Для теории Скэнлона важно, что помимо огромного числа описанных выше специальных личных отношений, в которых мы состоим с одними людьми, но не с другими, также существует общее базовое моральное отношение, в котором состоят друг с другом все люди [Scanlon 2008, 138ff.] [5.]. Это отношение своеобразным образом конституирует членство человека в моральном сообществе и определяет тот минимум заботы, внимания и участия, который мы все должны друг другу. Несмотря на то, что, как я уже говорил, наши обязанности перед другом или членом семьи больше, чем перед первым встречным, есть и некоторый базовый уровень участия, который мы по умолчанию должны проявлять к людям просто потому, что они — люди: например, мы не можем пройти мимо совершенно постороннего человека в страшной беде, если нам ничего не стоит ему помочь.
Общее моральное отношение, так же как и специальные отношения, может изменяться нами, если мы считаем, что человек, с которым мы состоим в этом отношении, совершил предосудительный поступок, который не соответствует лежащим в основании наших отношений стандартам и, таким образом, нарушает эти отношения. Однако в этом аспекте существуют важные различия между двумя типами отношений. Я остановлюсь на двух таких отличиях.
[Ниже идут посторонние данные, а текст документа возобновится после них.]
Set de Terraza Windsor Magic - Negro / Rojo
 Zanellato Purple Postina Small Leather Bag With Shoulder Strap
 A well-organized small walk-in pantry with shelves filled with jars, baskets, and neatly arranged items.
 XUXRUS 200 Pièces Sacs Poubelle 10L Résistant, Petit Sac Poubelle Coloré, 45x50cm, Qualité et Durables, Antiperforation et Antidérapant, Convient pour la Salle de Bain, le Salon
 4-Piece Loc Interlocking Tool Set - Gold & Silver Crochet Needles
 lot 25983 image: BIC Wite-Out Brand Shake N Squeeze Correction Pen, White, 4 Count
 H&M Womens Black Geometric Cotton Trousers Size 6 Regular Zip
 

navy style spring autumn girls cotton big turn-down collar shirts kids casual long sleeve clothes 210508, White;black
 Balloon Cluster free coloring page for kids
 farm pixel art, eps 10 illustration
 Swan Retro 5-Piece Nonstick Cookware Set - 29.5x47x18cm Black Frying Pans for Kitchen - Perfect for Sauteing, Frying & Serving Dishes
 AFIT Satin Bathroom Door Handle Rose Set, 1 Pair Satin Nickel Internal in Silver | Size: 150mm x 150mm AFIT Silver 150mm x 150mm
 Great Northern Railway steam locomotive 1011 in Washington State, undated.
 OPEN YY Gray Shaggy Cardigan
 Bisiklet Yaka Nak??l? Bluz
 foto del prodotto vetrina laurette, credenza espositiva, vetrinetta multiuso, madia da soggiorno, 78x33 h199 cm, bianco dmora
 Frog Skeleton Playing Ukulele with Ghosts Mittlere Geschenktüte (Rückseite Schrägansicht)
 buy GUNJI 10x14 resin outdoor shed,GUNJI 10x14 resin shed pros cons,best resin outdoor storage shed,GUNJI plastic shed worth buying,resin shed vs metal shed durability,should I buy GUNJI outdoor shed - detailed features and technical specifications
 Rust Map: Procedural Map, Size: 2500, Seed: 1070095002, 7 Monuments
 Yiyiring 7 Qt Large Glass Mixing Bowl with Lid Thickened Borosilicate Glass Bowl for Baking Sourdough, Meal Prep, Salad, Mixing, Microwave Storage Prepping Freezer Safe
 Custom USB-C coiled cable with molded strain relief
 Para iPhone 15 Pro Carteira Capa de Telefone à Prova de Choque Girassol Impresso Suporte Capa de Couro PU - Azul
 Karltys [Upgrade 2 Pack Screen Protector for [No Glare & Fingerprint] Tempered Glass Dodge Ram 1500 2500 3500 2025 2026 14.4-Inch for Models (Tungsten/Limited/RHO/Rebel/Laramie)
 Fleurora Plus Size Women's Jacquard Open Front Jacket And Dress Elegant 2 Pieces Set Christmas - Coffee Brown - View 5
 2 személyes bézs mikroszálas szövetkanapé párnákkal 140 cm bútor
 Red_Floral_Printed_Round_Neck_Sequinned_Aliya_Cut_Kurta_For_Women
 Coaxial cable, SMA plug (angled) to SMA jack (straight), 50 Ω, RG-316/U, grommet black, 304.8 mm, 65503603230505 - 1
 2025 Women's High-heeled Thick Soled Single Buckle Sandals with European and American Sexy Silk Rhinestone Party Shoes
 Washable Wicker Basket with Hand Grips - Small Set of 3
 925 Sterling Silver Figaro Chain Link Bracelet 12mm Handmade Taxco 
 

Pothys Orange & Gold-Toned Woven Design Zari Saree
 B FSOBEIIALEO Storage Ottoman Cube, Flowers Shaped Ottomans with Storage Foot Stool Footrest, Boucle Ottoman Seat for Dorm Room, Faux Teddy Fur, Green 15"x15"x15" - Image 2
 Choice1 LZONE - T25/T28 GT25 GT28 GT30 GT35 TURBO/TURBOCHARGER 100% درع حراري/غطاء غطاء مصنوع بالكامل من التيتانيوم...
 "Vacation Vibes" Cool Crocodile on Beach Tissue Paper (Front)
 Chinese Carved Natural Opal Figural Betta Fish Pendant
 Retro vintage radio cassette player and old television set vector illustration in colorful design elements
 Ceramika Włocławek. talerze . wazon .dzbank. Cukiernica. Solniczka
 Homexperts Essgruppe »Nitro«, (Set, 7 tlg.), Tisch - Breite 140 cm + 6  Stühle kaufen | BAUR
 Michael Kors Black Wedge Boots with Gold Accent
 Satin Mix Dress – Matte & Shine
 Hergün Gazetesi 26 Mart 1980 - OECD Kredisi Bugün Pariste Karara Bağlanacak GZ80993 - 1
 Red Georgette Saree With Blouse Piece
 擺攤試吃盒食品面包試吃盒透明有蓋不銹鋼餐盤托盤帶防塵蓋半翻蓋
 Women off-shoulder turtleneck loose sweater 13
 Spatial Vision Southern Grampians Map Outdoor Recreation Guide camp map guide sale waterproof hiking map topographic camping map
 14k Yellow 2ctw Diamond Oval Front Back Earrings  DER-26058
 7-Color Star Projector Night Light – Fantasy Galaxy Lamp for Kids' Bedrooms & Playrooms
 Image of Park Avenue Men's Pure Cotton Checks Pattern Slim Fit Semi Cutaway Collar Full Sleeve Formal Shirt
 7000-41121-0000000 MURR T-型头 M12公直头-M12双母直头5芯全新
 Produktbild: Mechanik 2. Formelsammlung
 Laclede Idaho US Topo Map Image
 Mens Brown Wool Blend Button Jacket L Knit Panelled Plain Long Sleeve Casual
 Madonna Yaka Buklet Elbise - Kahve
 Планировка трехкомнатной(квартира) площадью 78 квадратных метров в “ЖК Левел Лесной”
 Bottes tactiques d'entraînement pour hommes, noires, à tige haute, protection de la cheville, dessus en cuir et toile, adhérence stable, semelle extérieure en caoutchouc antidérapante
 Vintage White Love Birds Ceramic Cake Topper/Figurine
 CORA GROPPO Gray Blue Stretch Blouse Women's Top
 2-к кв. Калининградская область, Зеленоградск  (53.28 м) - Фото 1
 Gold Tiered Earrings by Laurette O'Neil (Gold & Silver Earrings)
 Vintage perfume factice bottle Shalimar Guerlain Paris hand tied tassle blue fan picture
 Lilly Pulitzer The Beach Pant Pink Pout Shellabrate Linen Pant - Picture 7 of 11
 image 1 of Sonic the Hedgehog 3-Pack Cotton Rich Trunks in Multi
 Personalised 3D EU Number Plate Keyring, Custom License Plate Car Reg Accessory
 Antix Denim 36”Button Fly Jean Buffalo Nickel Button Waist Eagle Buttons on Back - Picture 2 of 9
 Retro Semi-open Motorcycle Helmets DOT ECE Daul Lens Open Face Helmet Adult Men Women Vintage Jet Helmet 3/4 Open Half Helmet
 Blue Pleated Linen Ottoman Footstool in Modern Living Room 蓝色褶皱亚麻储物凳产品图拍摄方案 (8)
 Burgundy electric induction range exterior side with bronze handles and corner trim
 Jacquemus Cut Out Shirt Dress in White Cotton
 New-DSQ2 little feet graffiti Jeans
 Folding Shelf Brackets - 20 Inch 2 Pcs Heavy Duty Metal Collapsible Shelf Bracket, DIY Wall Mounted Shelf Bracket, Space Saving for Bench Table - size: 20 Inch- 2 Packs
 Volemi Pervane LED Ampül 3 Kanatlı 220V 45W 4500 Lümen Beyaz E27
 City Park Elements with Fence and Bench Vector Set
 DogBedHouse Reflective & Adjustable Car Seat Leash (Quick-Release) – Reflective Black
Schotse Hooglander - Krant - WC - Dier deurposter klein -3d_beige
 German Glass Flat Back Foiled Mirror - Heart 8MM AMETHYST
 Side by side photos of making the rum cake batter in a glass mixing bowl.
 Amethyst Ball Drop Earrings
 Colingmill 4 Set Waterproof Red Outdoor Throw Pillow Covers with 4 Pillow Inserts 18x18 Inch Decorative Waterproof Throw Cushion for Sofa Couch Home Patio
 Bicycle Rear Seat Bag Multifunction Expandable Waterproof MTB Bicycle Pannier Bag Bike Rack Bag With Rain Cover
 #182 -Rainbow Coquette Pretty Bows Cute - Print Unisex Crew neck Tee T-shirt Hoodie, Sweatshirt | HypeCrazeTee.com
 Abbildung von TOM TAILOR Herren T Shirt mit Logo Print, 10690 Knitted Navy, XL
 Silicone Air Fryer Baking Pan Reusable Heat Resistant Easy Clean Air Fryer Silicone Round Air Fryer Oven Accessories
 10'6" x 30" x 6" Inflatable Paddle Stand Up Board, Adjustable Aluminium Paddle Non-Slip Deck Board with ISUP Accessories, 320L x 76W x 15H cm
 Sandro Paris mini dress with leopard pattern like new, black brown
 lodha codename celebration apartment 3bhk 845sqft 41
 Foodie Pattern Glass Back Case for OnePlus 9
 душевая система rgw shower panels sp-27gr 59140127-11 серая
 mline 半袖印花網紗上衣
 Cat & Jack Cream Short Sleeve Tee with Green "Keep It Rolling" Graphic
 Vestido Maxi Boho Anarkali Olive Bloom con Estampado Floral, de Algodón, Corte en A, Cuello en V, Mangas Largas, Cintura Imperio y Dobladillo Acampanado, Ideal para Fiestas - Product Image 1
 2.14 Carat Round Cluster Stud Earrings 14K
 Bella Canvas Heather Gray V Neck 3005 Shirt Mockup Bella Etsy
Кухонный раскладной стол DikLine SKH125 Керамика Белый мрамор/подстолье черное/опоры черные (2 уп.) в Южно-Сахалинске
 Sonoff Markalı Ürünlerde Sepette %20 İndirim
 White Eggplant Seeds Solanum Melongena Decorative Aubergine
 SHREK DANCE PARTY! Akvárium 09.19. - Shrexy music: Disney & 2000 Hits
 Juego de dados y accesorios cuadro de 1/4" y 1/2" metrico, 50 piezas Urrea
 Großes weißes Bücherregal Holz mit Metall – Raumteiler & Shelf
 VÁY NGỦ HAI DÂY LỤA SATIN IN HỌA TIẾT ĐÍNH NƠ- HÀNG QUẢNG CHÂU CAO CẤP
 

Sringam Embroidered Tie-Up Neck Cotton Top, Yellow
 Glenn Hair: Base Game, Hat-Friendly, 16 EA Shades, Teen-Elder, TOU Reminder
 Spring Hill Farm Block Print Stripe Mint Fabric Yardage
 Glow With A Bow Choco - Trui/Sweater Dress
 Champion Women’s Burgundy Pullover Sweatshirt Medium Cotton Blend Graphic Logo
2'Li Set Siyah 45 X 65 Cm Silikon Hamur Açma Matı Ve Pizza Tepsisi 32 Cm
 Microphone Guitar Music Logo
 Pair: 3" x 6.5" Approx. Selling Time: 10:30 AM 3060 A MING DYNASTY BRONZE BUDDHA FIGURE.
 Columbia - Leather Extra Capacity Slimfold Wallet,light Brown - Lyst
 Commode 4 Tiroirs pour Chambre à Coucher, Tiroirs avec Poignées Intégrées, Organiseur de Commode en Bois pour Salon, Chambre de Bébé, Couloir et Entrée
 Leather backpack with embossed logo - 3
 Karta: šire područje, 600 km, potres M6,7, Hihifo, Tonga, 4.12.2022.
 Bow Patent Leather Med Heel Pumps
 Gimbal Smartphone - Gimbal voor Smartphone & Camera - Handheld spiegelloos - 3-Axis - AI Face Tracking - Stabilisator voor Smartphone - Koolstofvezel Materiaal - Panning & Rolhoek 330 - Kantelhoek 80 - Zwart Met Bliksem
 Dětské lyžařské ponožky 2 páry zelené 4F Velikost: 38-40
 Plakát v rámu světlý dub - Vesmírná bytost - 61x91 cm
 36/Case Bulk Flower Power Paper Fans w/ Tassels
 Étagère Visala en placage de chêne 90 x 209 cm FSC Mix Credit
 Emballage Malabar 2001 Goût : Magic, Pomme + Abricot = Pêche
Во-первых, поскольку в специальных отношениях мы состоим только с некоторыми другими людьми, то и изменять эти отношения в свете предосудительности нарушающих их стандарты поступков мы можем только с этими некоторыми людьми; в случае нарушающего эти стандарты поведения со стороны людей, с которыми мы в этих отношениях не состоим, мы можем только вынести суждение о предосудительности этого поведения, но не изменить соответствующие отношения — поскольку нас эти отношения не связывают (я подробнее скажу об этом чуть ниже). Тогда как в общем моральном отношении мы состоим со всеми людьми, и значит, в случае нарушения стандартов этого отношения мы можем изменять его с любым человеком и, таким образом, потенциально можем любого человека осуждать. Вторым важным отличием является то, что общее моральное отношение в отличие от прочих невозможно разорвать [Scanlon 2008, 141–142]. Мы можем все более и более его изменять, все меньше и меньше доверять человеку, все больше и больше пытаться его избегать и т.д., но мы не можем вовсе перестать считать его человеком. Даже когда мы обоснованно рассматриваем свои базовые моральные отношения с человеком как в наивысшей степени нарушенные (примером тут может быть наше отношение к бесчеловечному серийному убийце, упивающемуся страданием своих жертв), это не дает нам оснований перестать считать человека членом морального сообщества и заявить, что мы более ему ничего не должны, не имеем никаких обязательств по отношению к нему, которых мы должны придерживаться в своем поведении, и можем поступать с ним как нам заблагорассудится. Даже жестокие преступники и бесчеловечные убийцы остаются людьми, т.е. членами морального сообщества, и как перед таковыми даже перед ними у нас есть минимальные обязательства: мы не должны лишать их жизни, если этого можно избежать (например, если нам удалось взять их под стражу), мы не должны причинять им страдания просто чтобы доставить себе удовольствие и пр.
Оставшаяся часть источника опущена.